Hold that thought and let's go back to the report. What I find key is not so much the specifics of what it says. Rather, it' feels like the beginning of doctrine development that ignores a central point of bifurcation.
Specifically, a military with 'resource to 2050' operating on behalf of a civilian population with constrained resources for 20-25 years sounds (pardon this) a bit elitist at its core. I may be an historic dunderhead, but when one portion of the population has resources, while a larger population doesn't have resources, seems to me you're just setting yourself up for violent conflict.

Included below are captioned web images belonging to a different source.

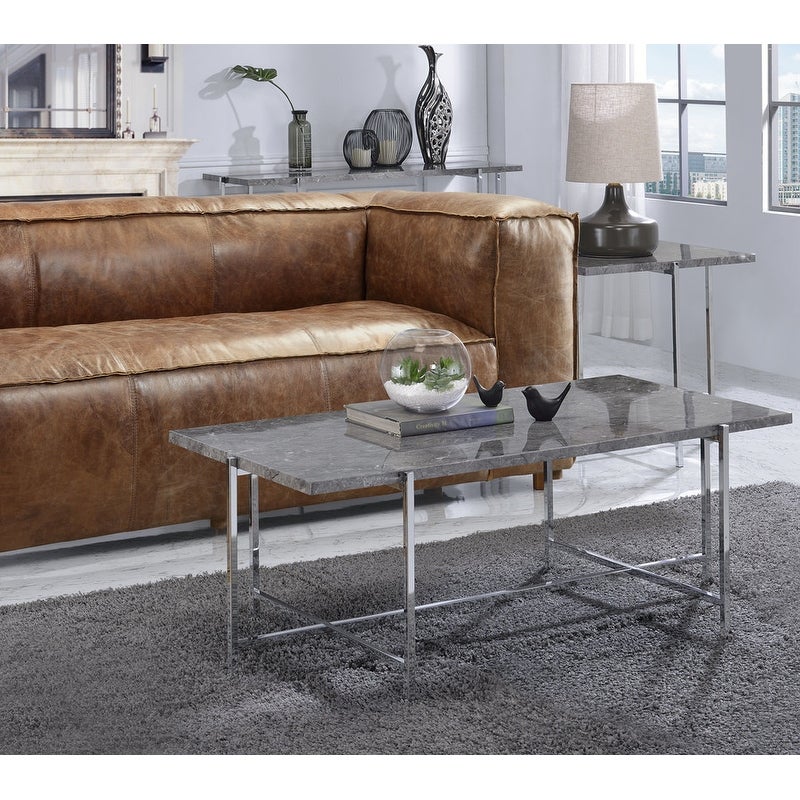 Modern Coffee Table，Faux Marble Top，Metal Base，Chrome Finish(Gray) - Mycitystee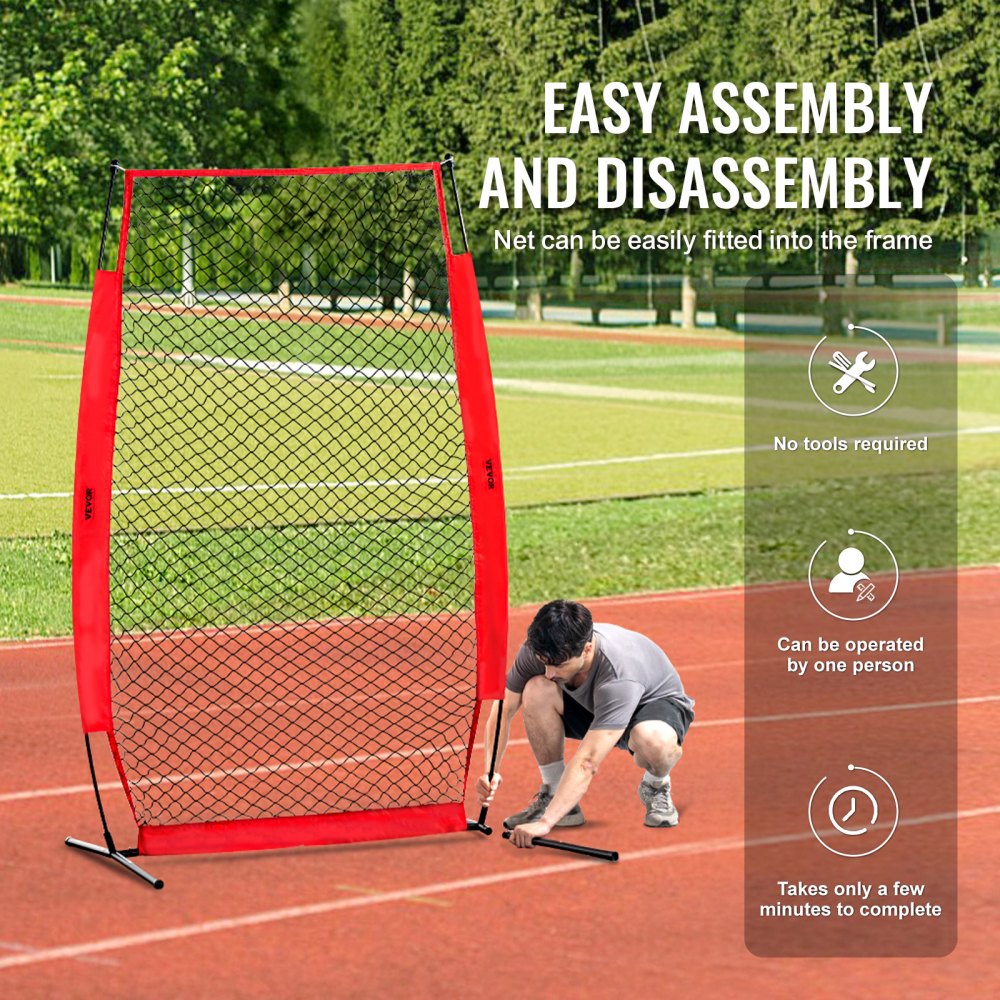 VEVOR I Screen Baseball for Batting Cage, 7x4 ft Baseball & Softball Safety Screen, Body Protector Portable Batting Screen with Carry Bag & Ground Stakes, Baseball Pitching Net for Pitchers Protection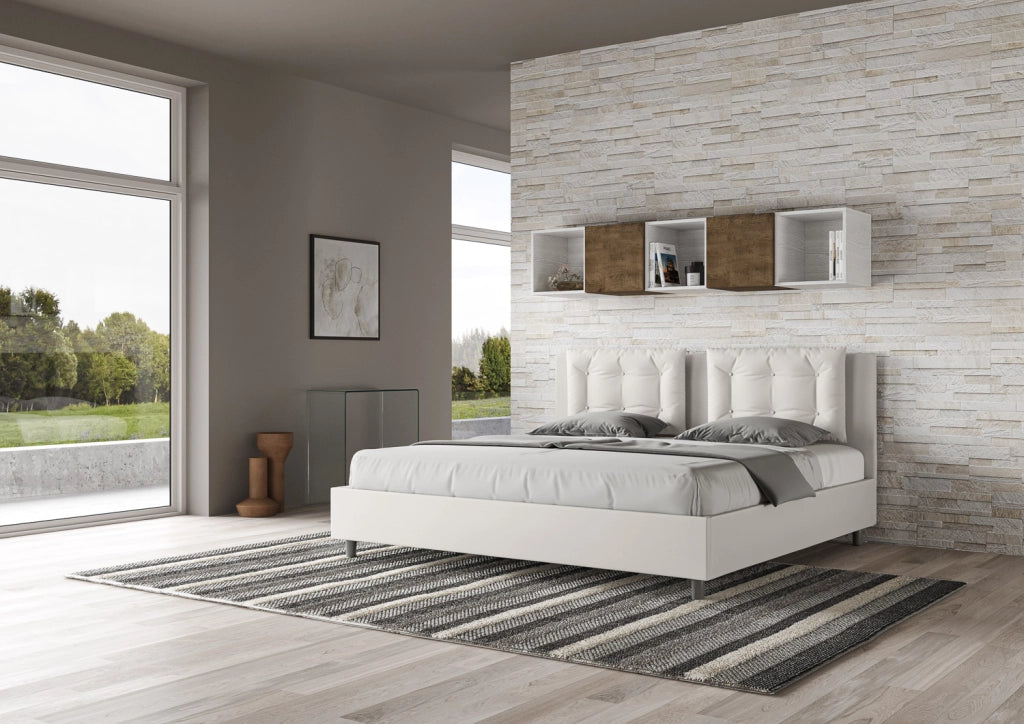 BS COM Letto matrimoniale king size contenitore imbottito 200x200 similpelle bianco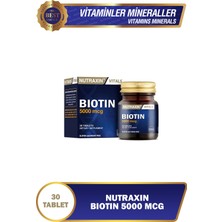 Nutraxin Biotin 5000 mcg 30 Tablet | Yüksek Potens B7 Vitamini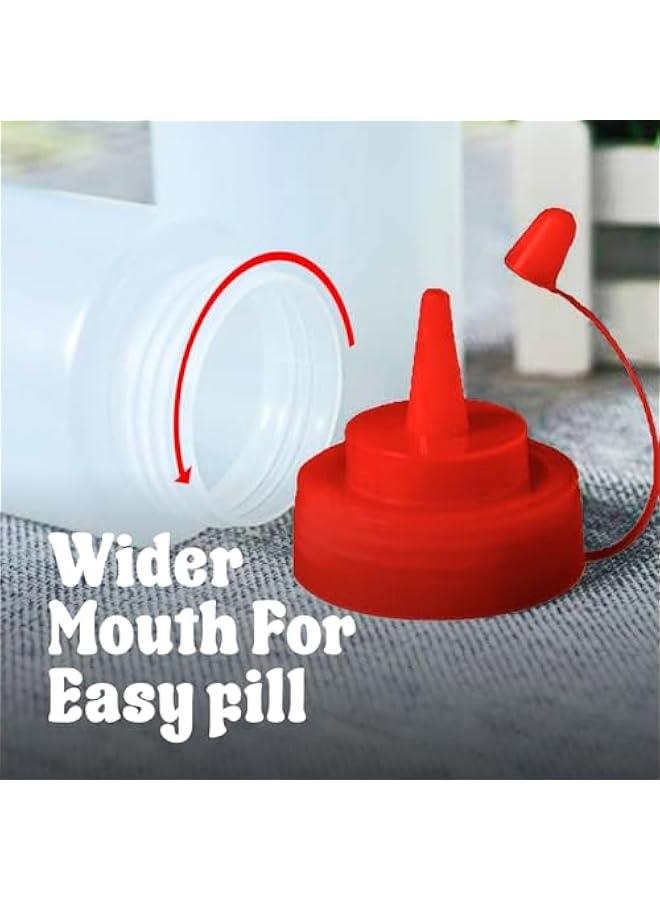 12 oz Condiment Squeeze Bottles for Sauces - Leak Proof Oil, Syrup, Dressing Squirt Bottles - 3 Pack - Image 3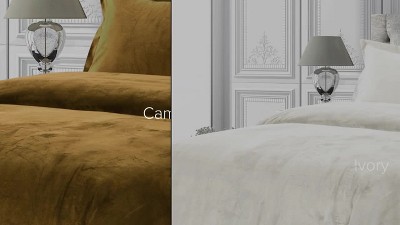 Camel King Velvet Oversized Duvet Set with Microfiber Backing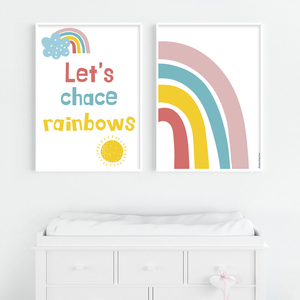 Εκτυπώσιμο σετ 2 αφισών για παιδικό δωμάτιο ''Let's chase rainbows'' - αφίσες, δώρα για μωρά, δωμάτιο παιδιών - 5
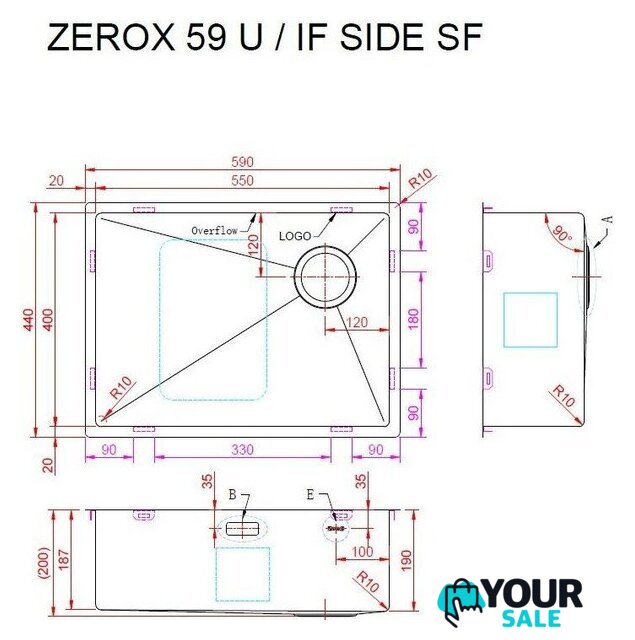 Кухонная мойка ZorG Zerox 59 U / IF Side SF Steel - Изображение №4 — Интернет-магазин Your Sale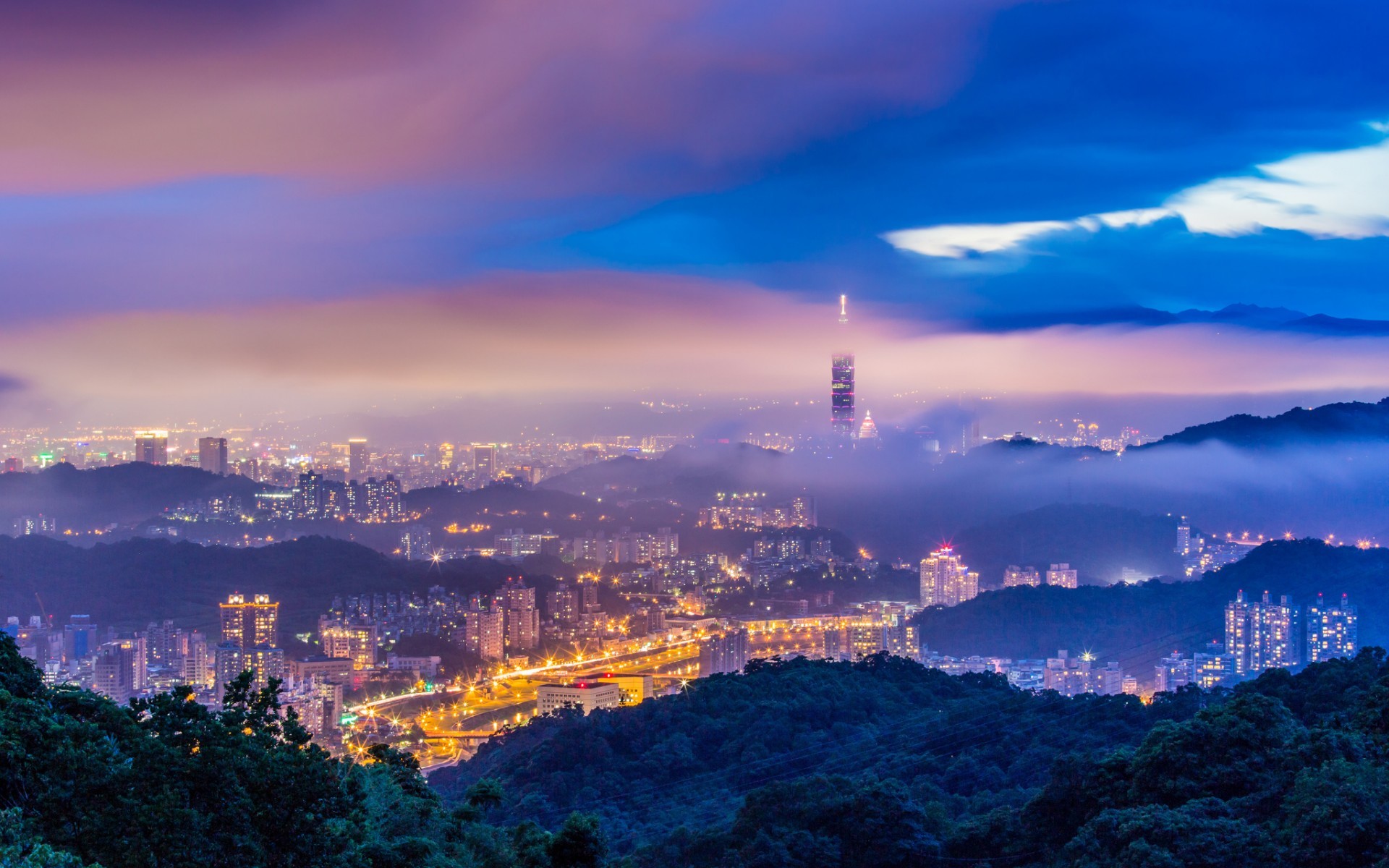 台北101 摩天大楼 夜景 风光 风景 宽屏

So when I read Nathan Freier's report and come across a paragraph like this one (taken wholly out of context of the report itself, you understand) I wonder if military elitism, that I believe based on first-hand reports to exist, doesn't in and of itself precipitate violent domestic social conflict?
"Widespread civil violence inside the United States would force the defense establishment to reorient priorities in extremis to defend basic domestic order and human security. Deliberate employment of weapons of mass destruction or other catastrophic capabilities, unforeseen economic collapse, loss of functioning political and legal order, purposeful domestic resistance or insurgency, pervasive public health emergencies, and catastrophic natural and human disasters are all paths to disruptive domestic shock." (Freier, P. 32)
Or, put more simply, Mao Tse Dung's doctrine that the "...people are like a sea and the guerilla (army) must swim amongst them..." collides conceptually with the super-military necessary to deal with super-threats envisioned in future years. Seems having it both ways is not very likely, nor, no matter how much 'intelligence' spending occurs, can all threats be foreseen. An Iraqi shoe-thrower knows that one.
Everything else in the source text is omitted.